The move means the parks will no longer receive operational funds of up to Rp 4 billion each year, said director of the forest conservation at the Directorate General of Nature Conservation and Forest Protection (PHKA), Banjar Yulianto Laban.
On the surface, the changes do not seem to favor the parks or their overall management and upkeep, however, Banjar said it was a positive move.
"Other than saving state funds, (this move means) the operators of (newly-autonomous) national parks will eventually be able (to manage their funds independently)," he said.
"They (will be able to grow) their (own) earnings and gain profits of up to three-fold."
The eight national parks to undergo said management change include Komodo (East Nusa Tenggara), Bunaken (North Sulawesi), Bromo Tengger Semeru (East Java), Gede Pangrango (West Java), Mount Leuser (North Sumatra), West Bali (Bali), Meru Betiri (East Java) and Wasur (Papua).
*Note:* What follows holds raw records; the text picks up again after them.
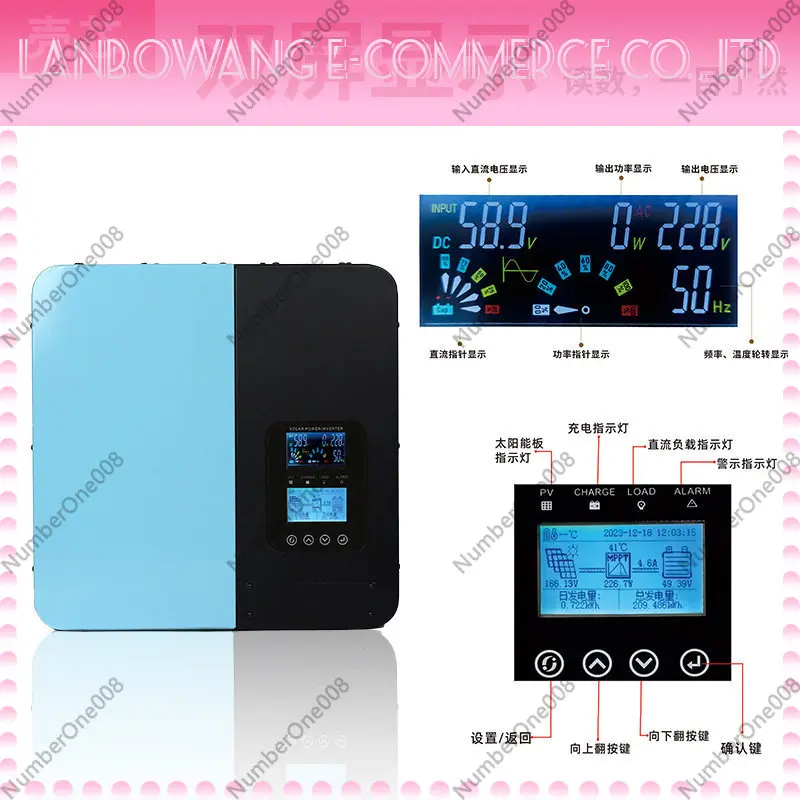 MPPT Solar Inverter 12V-96V Pure Sine Wave Off-Grid Hybrid Charger for Home
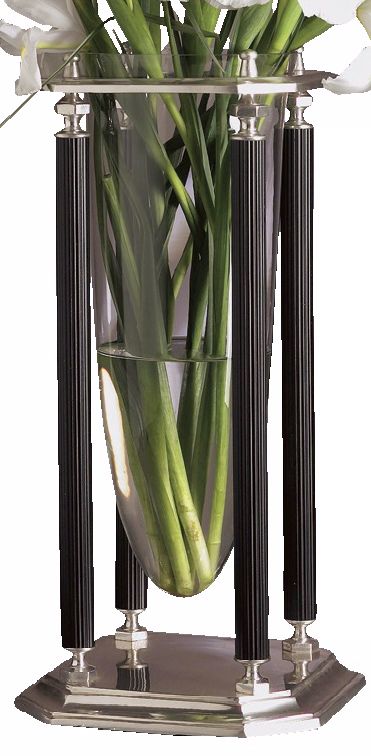 Antique Silver Finished Brass Base Glass Vase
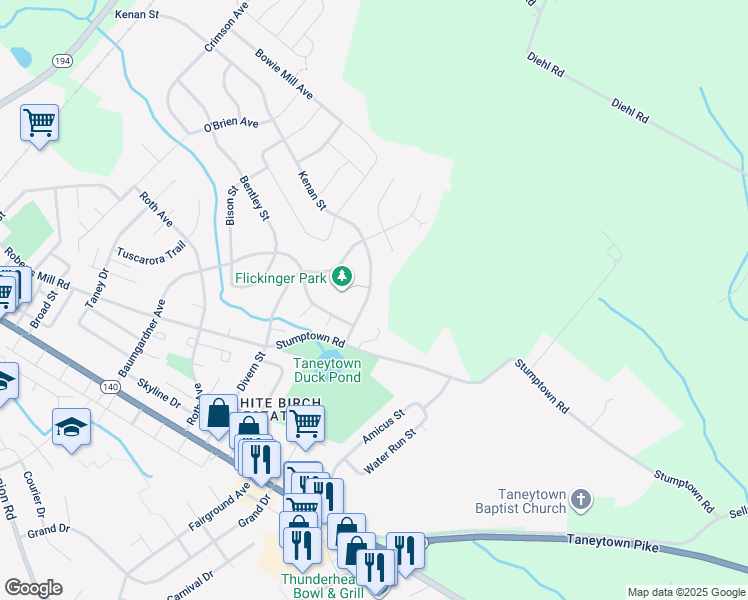 map of restaurants, bars, coffee shops, grocery stores, and more near 80 Kenan Street in Taneytown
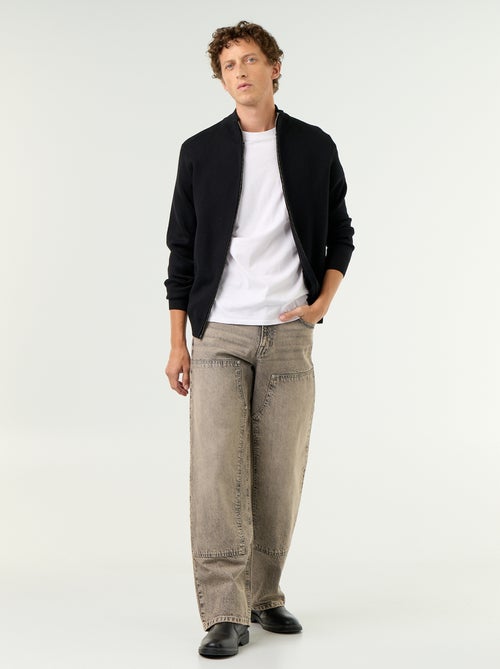 Jeans baggy a tinta unita con inserti fantasia - Kiabi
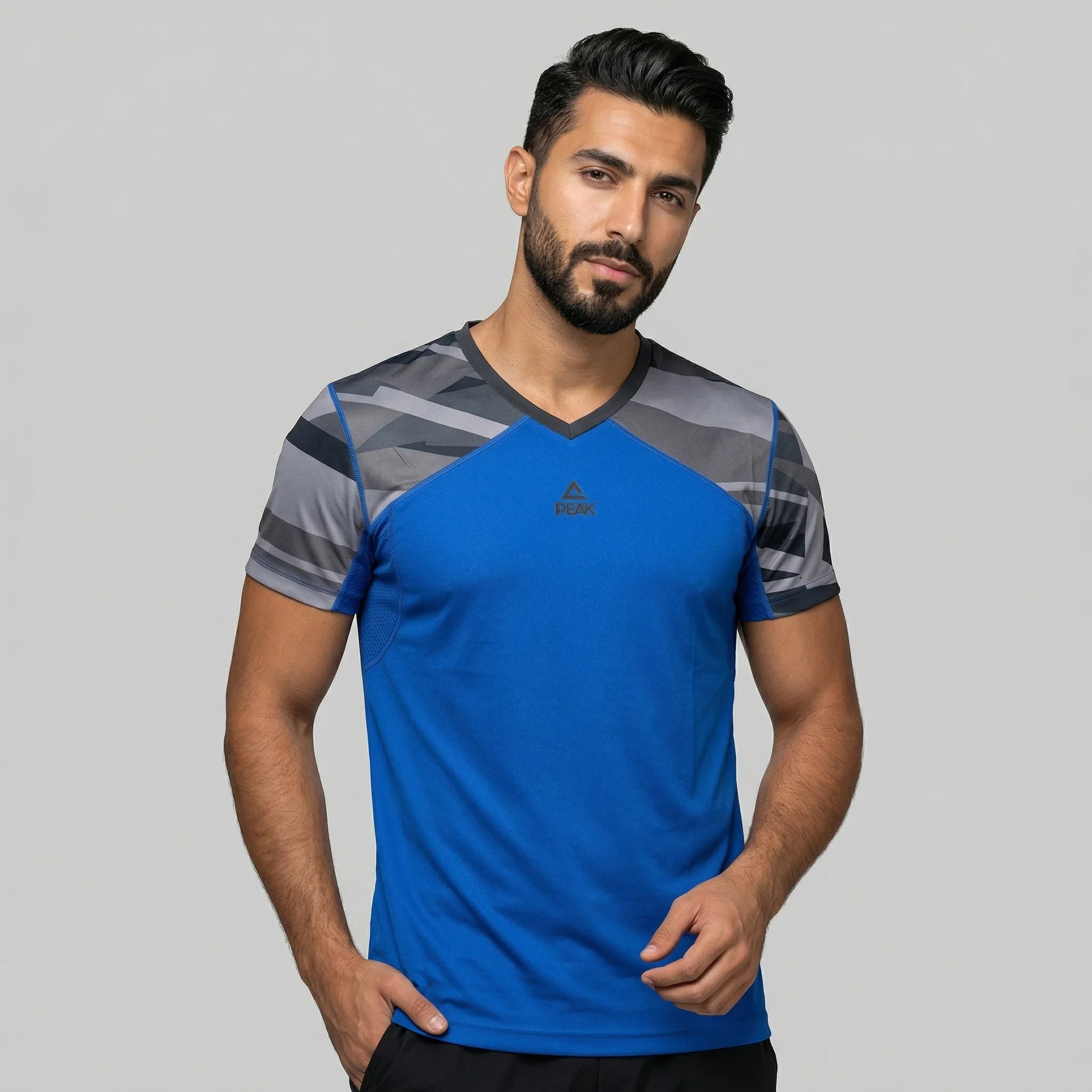 Lt.Ocean-Blue-Melange-Black / S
Today, 60 percent of Rp 4 billion is used for security purposes for these national parks, while 40 percent is used to maintain infrastructure and facilities.
"If they manage their own finances, I estimate they will be able to increase profits three (fold) -- and this will amount to around Rp 12 billion annually," said Banjar.
In a bid to realize the plan and as part of the restructure process, 21 of the 50 national parks in the country will become model national parks.
Autonomous national park operators will maintain existing procedures, including public accountability, self-financing and sustainable forest management.
They will independently handle government non-tax revenue and every legitimate income stream so the parks can be managed in a sustainable, effective and efficient manner.
"I'm assured activities that could harm the ecosystem inside the national parks will not become practice.
"Because, under autonomous management, the only losing party will the be management teams when they eventually suffer declining profits," said Banjar.
It's essential park staff work together to ensure the parks are managed professionally, Banjar said.
Funds the government will accumulate as a result of these changes may later be used to upgrade park accessibility, he said.
A study conducted by Hendra Gunawan from the Nature Conservation and Forest Protection Research Center indicates only 32 percent of the 50 national parks in the country have vehicle access up to their offices or gateways.
Hendra said visitors were less eager to visit national parks due to limited access and the long journey required to each park.
"It's a 10-hour round-trip from the provincial capital or nearest airport to get to most of the national parks in Indonesia," he said.
"Those located outside Java can only be reached by air or water, proceeded by hours and hours overland."
Banjar said it was a considerable disadvantage for foreign tourists eager to spend their time in tropical forests -- of which Indonesia boasts the most worldwide.
"It would not cost a great deal should the government want to build facilities, including airports, near the Komodo National Park, which could accommodate flights directly from Australia or Jakarta," he said.
"And tourists can fly directly to Sulawesi from there.
"At the moment visitors who wish to visit the Komodo National Park have to go through Bali and resume their journey by sea to the location.
Those who want to go to Sulawesi have to return to Surabaya or Jakarta first, which I think will be too taxing."